Mais, pour revenir à l'image du héros Maui, en tant que représentant
figuratif de la maîtrise du temps et de l'espace, c'est grâce au
pouvoir de sa généalogie qu'il détient qu'il peut se permettre
transgression et espièglerie. C'est parce qu'il a acquis le pouvoir
de remonter au vent, de braver le ciel et de revenir conquérant de
nouvelle terre vierge en suivant le chemin des étoiles qu'il
parvient à se faire un nom et à donner naissance à une nouvelle
généalogie.
L'hameçon de Maui (Te Matau o Maui), dans la constellation dite du
Scorpion, qui permit de tirer les îles de l'océan, n'est-elle pas
l'hameçon métaphorique qui, grâce à ses étoiles, guide les
navigateurs dans leur périple ?
Maui nous conduit à la contemplation du ciel comme reflet de
l'océan.
Ce
qui est le plus caractéristique des étoiles polynésiennes c'est bien
la nature de leur identification, car la plupart des étoiles ou des
constellations regroupant plusieurs étoiles sont identifiées aux
outils de pêche et de navigation (filet, hameçon, pirogue), aux
poissons (le motif le plus fréquent est le requin auquel la Voie
lactée est identifiée) ou aux oiseaux. Les légendes polynésiennes
parlent de la transformation de Tangaroa en pirogue, de la déesse
lunaire qui monta au ciel en pirogue. Presque tous les Polynésiens
reconnaissent une Grande Pirogue dans le ciel quelque part près des
Pléiades. Hameçon magique pourvoyeur d'îles (Te Matau o Maui, à
Tahiti), Oiseau signe avant-coureur d'un terre émergée (Manu, en
Micronésie), Cerf-volant symbole de la concorde des dieux (la
fameuse légende des Pipirima, à Tahiti), Requin emblème génésique
par excellence (Mako roa, à Rarotonga)... sont autant de " signes "

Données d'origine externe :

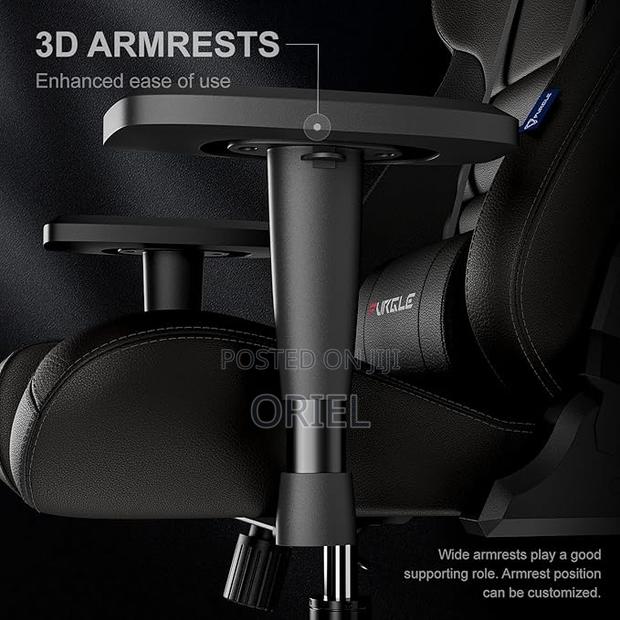 Executive Office Gaming Chair Grey Gaming Chair - thumbnail 3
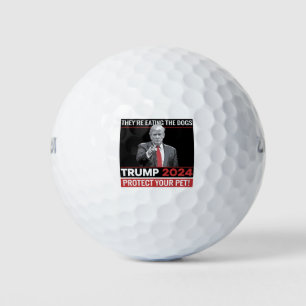 They're Eating The Dogs Trump 2024 Debate Golf Balls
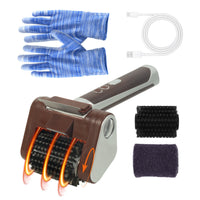 Electric Barbecue Brush with Extra Head Lightweight for Camping Trips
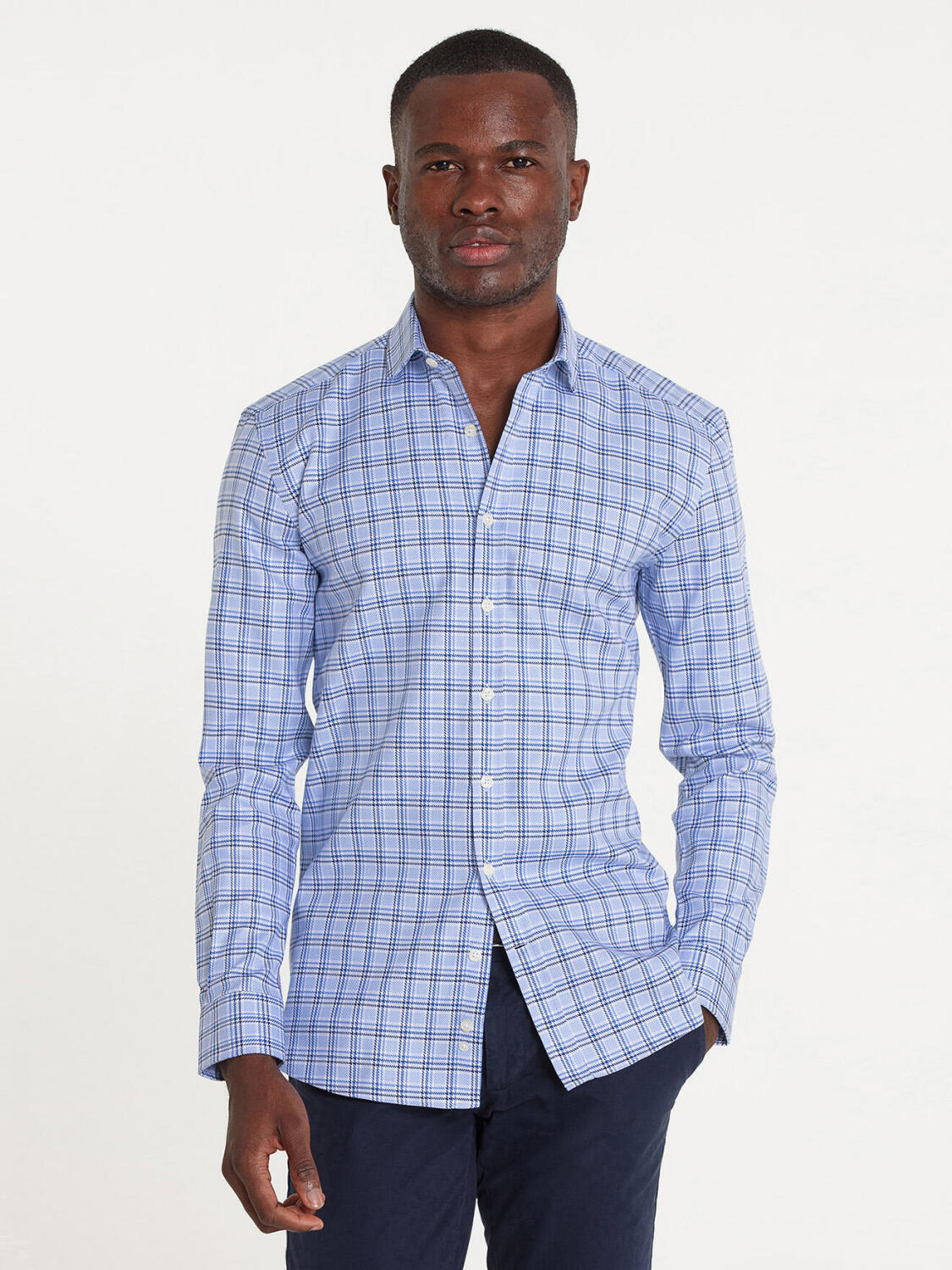 Chemise cintrée Purcell ciel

qui font la jonction du Ciel et de la Terre, fonction essentielle de
l'imaginaire astronomique des Polynésiens qui découvrirent et
peuplèrent les dernières terres vierges du Pacifique. En tant
qu'enjeu du pouvoir et des rivalités généalogiques, le ciel
participait de la mise en place de " symboles " évocateurs,
c'est-à-dire de relations culturelles inconscientes ou, en d'autres
termes, de structures relevant donc d'un langage spécifique. Il
semble bien que l'océan ait été pris comme langage, à travers les
différentes langues polynésiennes qui s'y réfèrent, pour donner au
ciel un rôle de miroir réfléchissant.
L'hameçon magique du pouvoir généalogique de Maui, l'attrapeur de la
lumière solaire, se reflète dans le ciel sous la forme de la
constellation Te Matau o Maui dont Antarès (Ana mua) est le cœur et
l'étoile la plus brillante. La relation de l'étoile à la prêtrise de
Maui est clairement établit dans les textes du Tahiti aux temps
anciens (" Le soleil se lèvait lorsque Maui partit en voyage pour
visiter tous les pays et y établir la prêtrise… C'était la période
d'Antarès " - Ana mua) . Antarès le premier des piliers du ciel (te
poupou o te ra'i) de la cosmologie tahitienne semble fonctionner de
paire avec Aldebaran (Ana muri). A Tahiti et sous les latitudes de
la Société, Antarès se couche pratiquement là où le Soleil se couche
au solstice d'été (décembre) et ceci pratiquement à 180° du lever d'Aldebaran.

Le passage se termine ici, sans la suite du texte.